The following post, by Sarah Cannon of Digital Reasoning, was originally published in that company’s blog. Digital Reasoning has graciously permitted us to re-publish here for your convenience.
At the beginning of each release cycle, engineers at Digital Reasoning are given time to explore the latest in Big Data technologies, examining how the frequently changing landscape might be best adapted to serve our mission. As we sat down in the early stages of planning for Synthesys 3.8 one of the biggest issues we faced involved reconciling the tradeoff between flexibility and performance. How can users quickly and easily retrieve knowledge from Synthesys without being tied to one strict data model?

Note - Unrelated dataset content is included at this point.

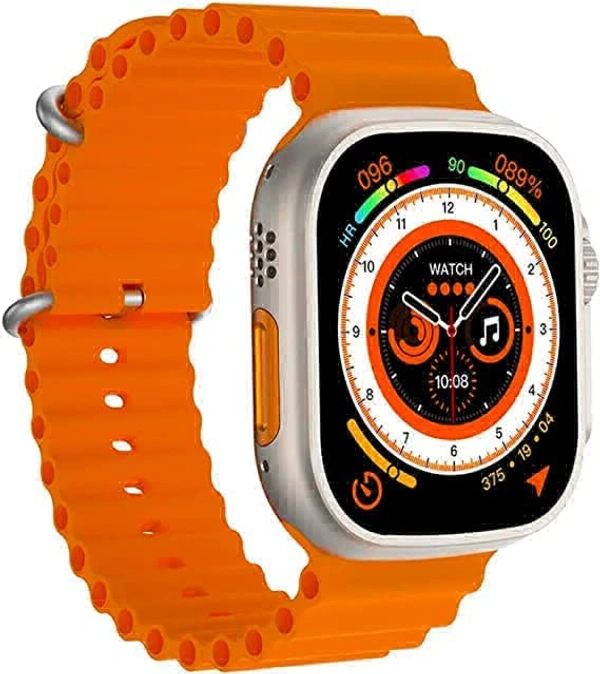 Hiwatch PRO T800 Ultra Biggest Display Smart Watch with Bt Calling Wireless Charge Fitness | Health Tracking, Sports Tracking, Camera & Music Control Smartwatch (Orange) - Orange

Previously we had developed solutions to tackle each concern individually. Apache Pig scripts, Apache Hive queries, and Apache Hadoop streaming all provided unbounded access to Synthesys but with the caveat of extended run times, while our own query language implementation offered real-time results but was limited in scope. Was it possible to have it all? Cloudera’s Impala project offered a worthwhile investigation.
What is Impala?
From our friends at Cloudera: “Cloudera Impala is an open source Massively Parallel Processing (MPP) query engine that runs natively on Apache Hadoop”. Built for performance, Impala uses in-memory data transfers with its native query engine allowing users to issue SQL queries against HDFS and Apache HBase and receive results in seconds. Impala fits right in to the Hadoop ecosystem, making it simple to get started. If you’ve used Hive, the learning curve is even simpler — Impala shares Hive’s metastore and supports many of the same functions. Luckily, our recent work with Hive left us perfectly poised to take advantage of Impala’s great features.
Laying the Groundwork
In our previous release, Synthesys 3.7, we introduced Synthesys-Hive integration. Hive is a data warehousing tool that allows users to query distributed systems with a SQL-like language that projects structure onto the data. Hive queries generate map-reduce jobs, allowing data analysts the ability to perform ETL operations on data in a Hadoop environment in ways that previously required in-depth knowledge of the Java MapReduce API. Our integration efforts made it possible to query Synthesys Knowledge bases with Hive whether the backend was HBase, Apache Accumulo, or Apache Cassandra, and we provided several default tables, views, and UDFs (user defined functions) for getting started. This was a great first step at making the output of Synthesys more accessible and addressing the flexibility concerns mentioned above. Users could now use SQL to explore the power of concept resolution in the entities table, view author, date and summaries of each document through the document_metadata table, or discover significant relationships in the assertions table. Once we got a Synthesys-Hive environment up and running, adding Impala was simple. All we had to do was issue a single Hive query to pull data in a view from the backend onto a materialized table in HDFS, and we were up and running with Impala!
Real Time Results
Impala quickly proved to offer a robust solution to the performance/flexibility quandary. Now we can do things like fuzzy searches on concepts,
Browse assertions with ease,
Ask corpus summary statistics such as “How many categorized elements do I have, by category?”
and even answer questions like “With whom has President Obama met most often?”
All the above was available before with Hive, but with extended wait times between each query. Now anyone with a little bit of SQL know-how can get answers to their questions in an instant.
Impala’s Role in Synthesys 3.8
The latest release of Synthesys introduced the concept of Knowledge Objects — an aggregation of the important information connected to an entity. The Knowledge Objects workflow automatically writes out several Impala tables ready for querying immediately after ingestion. Thanks to Impala’s ODBC and JDBC connectors, Synthesys Knowledge bases can connect to a number of third-party visualization tools such as Tableau, Centrifuge, and Zoomdata. In just a few short months, Impala went from a concept to us here at Digital Reasoning to an invaluable tool solving pertinent problems. We even started using it within Synthesys’ latest user experience, Glance (see screenshot below). Synthesys Glance offers a comprehensive and intuitive user experience for exploring the output of Synthesys in real-time. Users can search for concepts and discover relevant details, recent news, and key relationships. Search results are displayed in easy to understand graphics and icons representing business entities, geopolitical entities, locations, and persons. Impala drives the Glance query layer, using the the tables generated by the Knowledge Objects analytic.
Thanks to Impala, we found that Digital Reasoning really can “have it all” in terms of a flexible and fast query engine.